March was full of sun, blooming flowers, and trips to the beach... until a few weeks ago, when winter woke up from its nap and returned in full force. The locals (who, like locals everywhere in the world, consider it their duty to do so) grimace and complain. I have a suspicion that it's really going to be spring now, though, because the wild orchids and tulips are starting to show themselves. The local Late Minoan cemetary supposedly boasts a dozen rare varieties of orchid. (Where else in the world can you say that?)

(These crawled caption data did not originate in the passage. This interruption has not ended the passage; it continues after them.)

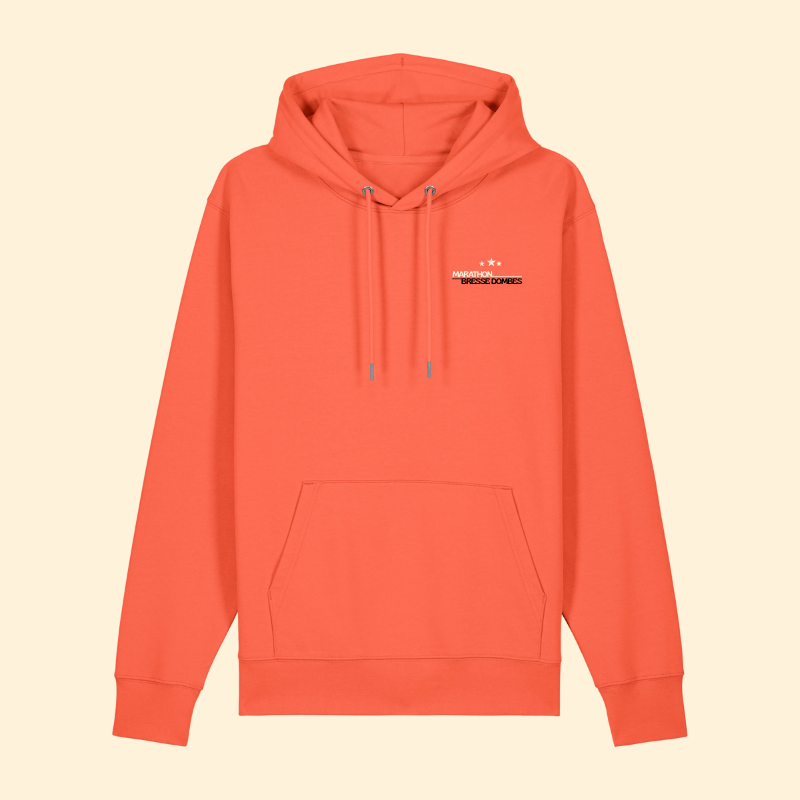 Sweat à capuche orange
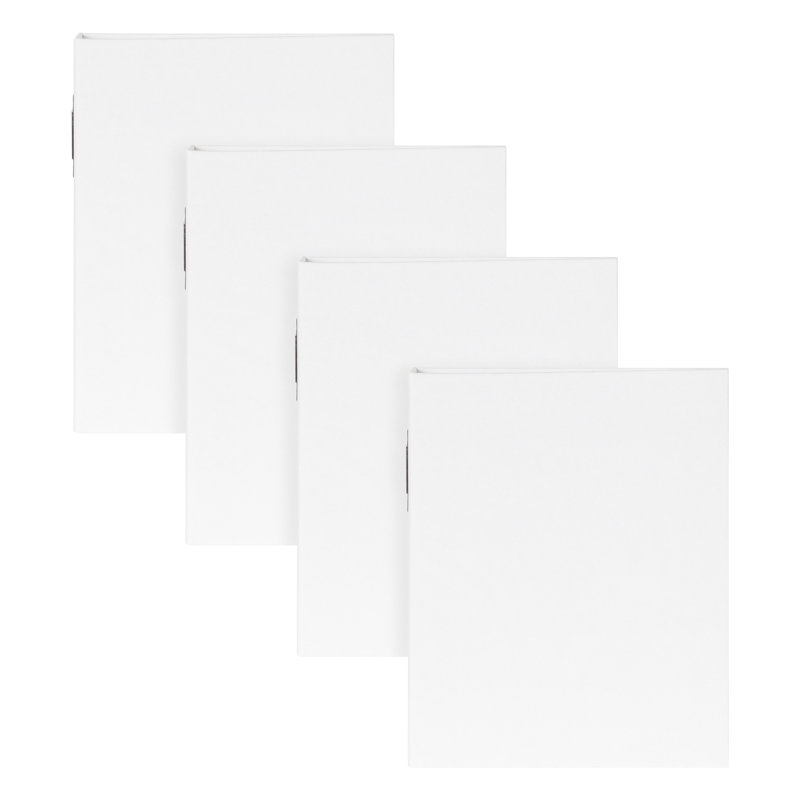 Ensemble d'albums 4 pièces Cydney, Blanc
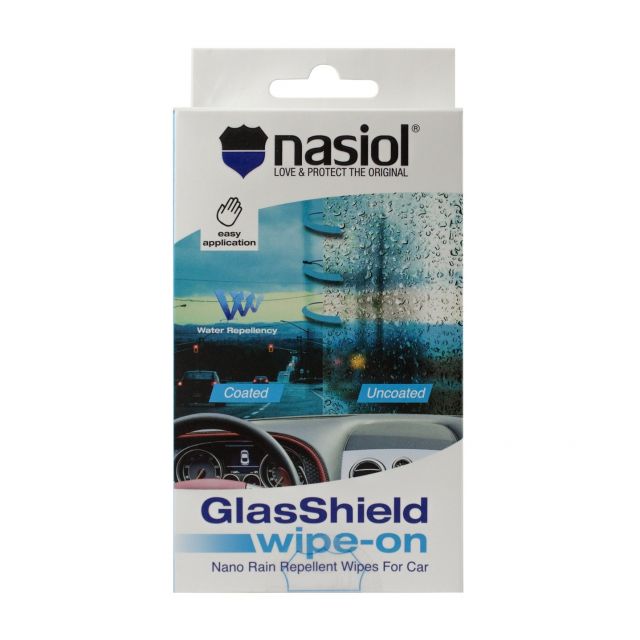Cristalizador Repelente de Líquidos - GlasShield Wipe On - Nasiol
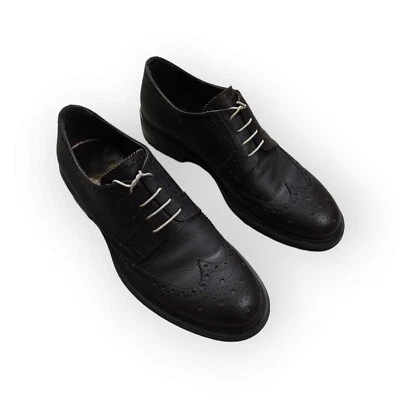 Brooks Brothers Wingtip Leather Lace Up Dress Shoes Mens 10 Made in Italy - Image 1 of 4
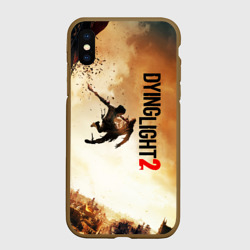 Чехол для iPhone XS Max матовый Dying light 2 новый мир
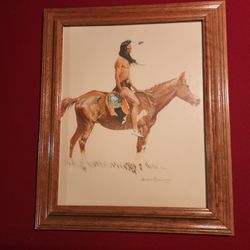 Vintage Frederick Remington Print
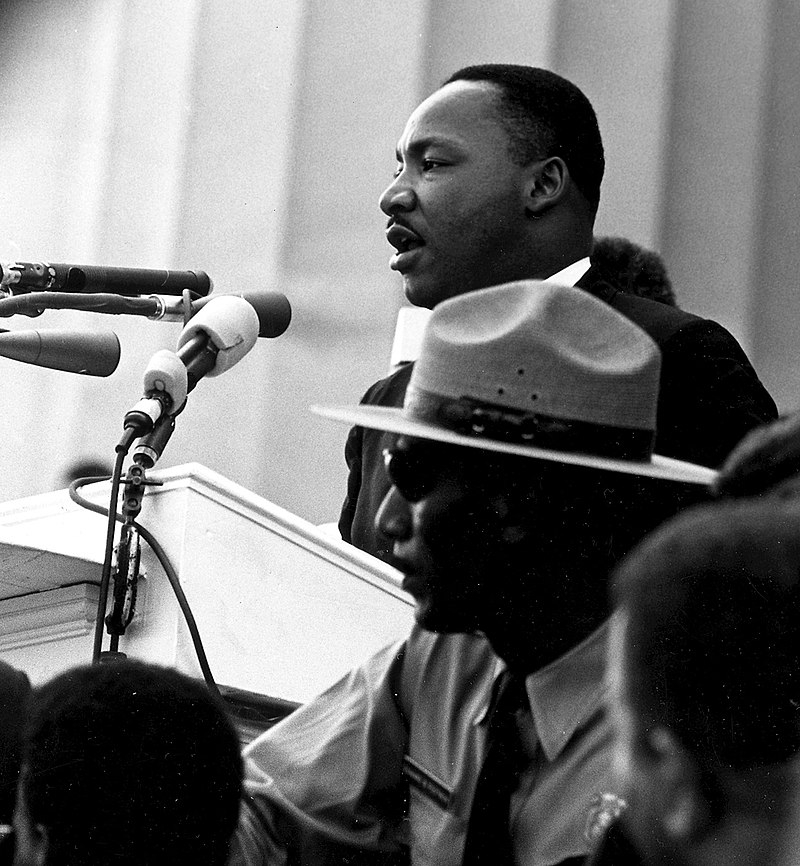 Martin Luther King giving his "I Have a Dream" speech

The city of Rethymno has for some reason become famous throughout Crete and indeed even further afield for the Carnival celebrations that historically take place here; people come from all over the island and beyond for the weekend before the beginning of Lent to dress up in strange costumes, get drunk on incredibly overpriced booze, and take a few giant strides towards deafness, complements of the malfunctioning loudspeakers set up in every corner of the old city and pumping out the worst that Eurotrash techno has to offer. I suppose the judgemental tone of that last sentence tells you what I think of the whole affair, but judging from what we saw the few times that we ventured into the city, what was started centuries ago by the lusty Venetian occupiers in the spirit of their homeland's famed masquerades seems to have degenerated into a mostly characterless college block party that would probably look, sound, and smell the same anywhere in the Western world (although probably at Halloween everywhere outside of the Balkans). I say mostly characterless; the presence of the various clubs and their floats, like this charming couple, does lend a community atmosphere to the proceedings (the floats, by the way, begin randomly appearing in seemingly random locations of the city two or three weeks beforehand, surely puzzling the chance visitor), and the definite highlight is the appearance of King Carnivalos, a bizarrre greenish dolphin-like creature, who addresses the assembled multitudes at the start of the parade and satirizes with withering honesty (and not a small amount of obscenity) the various local foibles of the past year.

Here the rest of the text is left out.